Reconciliation of Free Cash Flow:   
 Sixteen Weeks Ended
(in thousands)April 22, 2023 April 23, 2022
Cash flows used in operating activities$(378,865) $(54,940)
Purchases of property and equipment (89,996)  (114,854)
Free cash flow$(468,861) $(169,794)
Adjusted Debt to EBITDAR: (1)   
 Four Quarters Ended
(In thousands, except adjusted debt to EBITDAR ratio)April 22, 2023 December 31, 2022
Total GAAP debt$1,900,596 $1,373,283
Add: Operating lease liabilities 2,726,880  2,692,861
Adjusted debt$4,627,476 $4,066,144
    
GAAP Net income$404,732 $501,872
Depreciation and amortization 291,032  283,800
Provision for income taxes 120,432  146,815
Interest expense 67,910  51,060
Share-based compensation 50,524  50,978
Other expense, net 7,806  6,996
Rent expense 595,208  594,838
EBITDAR$1,537,644 $1,636,359
    
Adjusted Debt to EBITDAR 3.0  2.5
(1)Beginning in first quarter 2023, the company no longer excludes transformation-related activities in non-GAAP measures. Prior period has been recast to conform to current year presentation.

NOTE: Management believes its Adjusted Debt to EBITDAR ratio (“leverage ratio”) is a key financial metric for debt securities, as reviewed by rating agencies, and believes its debt levels are best analyzed using this measure. The company’s goal is to maintain an investment grade rating. The company’s credit rating directly impacts the interest rates on borrowings under its existing credit facility and could impact the company’s ability to obtain additional funding. If the company was unable to maintain its investment grade rating this could negatively impact future performance and limit growth opportunities. Similar measures are utilized in the calculation of the financial covenants and ratios contained in the company’s financing arrangements. The leverage ratio calculated by the company is a non-GAAP measure and should not be considered a substitute for debt to net earnings, net earnings or debt as determined in accordance with GAAP. The company adjusts the calculation to remove rent expense and to add back the company’s existing operating lease liabilities related to their right-of-use assets to provide a more meaningful comparison with the company’s peers and to account for differences in debt structures and leasing arrangements. The company’s calculation of its leverage ratio might not be calculated in the same manner as, and thus might not be comparable to, similarly titled measures by other companies.

Store Information

During the sixteen weeks ended April 22, 2023, 21 stores and branches were opened and 11 were closed or consolidated, resulting in a total of 5,096 stores and branches as of April 22, 2023, compared with a total of 5,086 stores and branches as of December 31, 2022.

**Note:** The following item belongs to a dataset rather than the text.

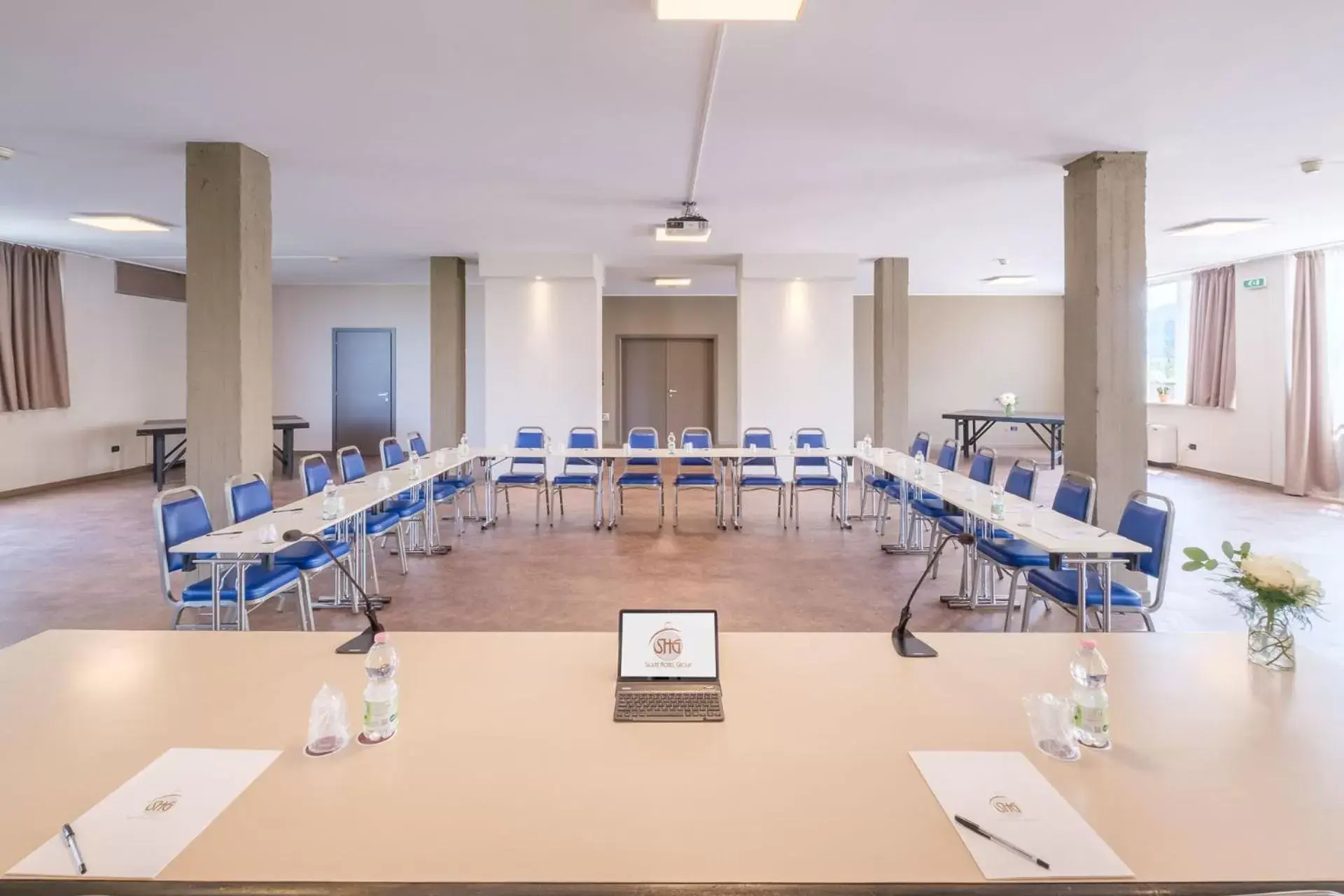 Meeting/conference room in SHG Hotel Bologna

The below table summarizes the changes in the number of company-operated store and branch locations during the sixteen weeks ended April 22, 2023:

  AAP CARQUEST WORLDPAC (1) Total
December 31, 2022 4,440  330  316 5,086 
New 19    2 21 
Closed (3) (8)  (11)
Consolidated       
Converted       
Relocated       
April 22, 2023 4,456  322  318 5,096 
(1)Certain converted Autopart International (“AI”) locations will remain branded as AI going forward.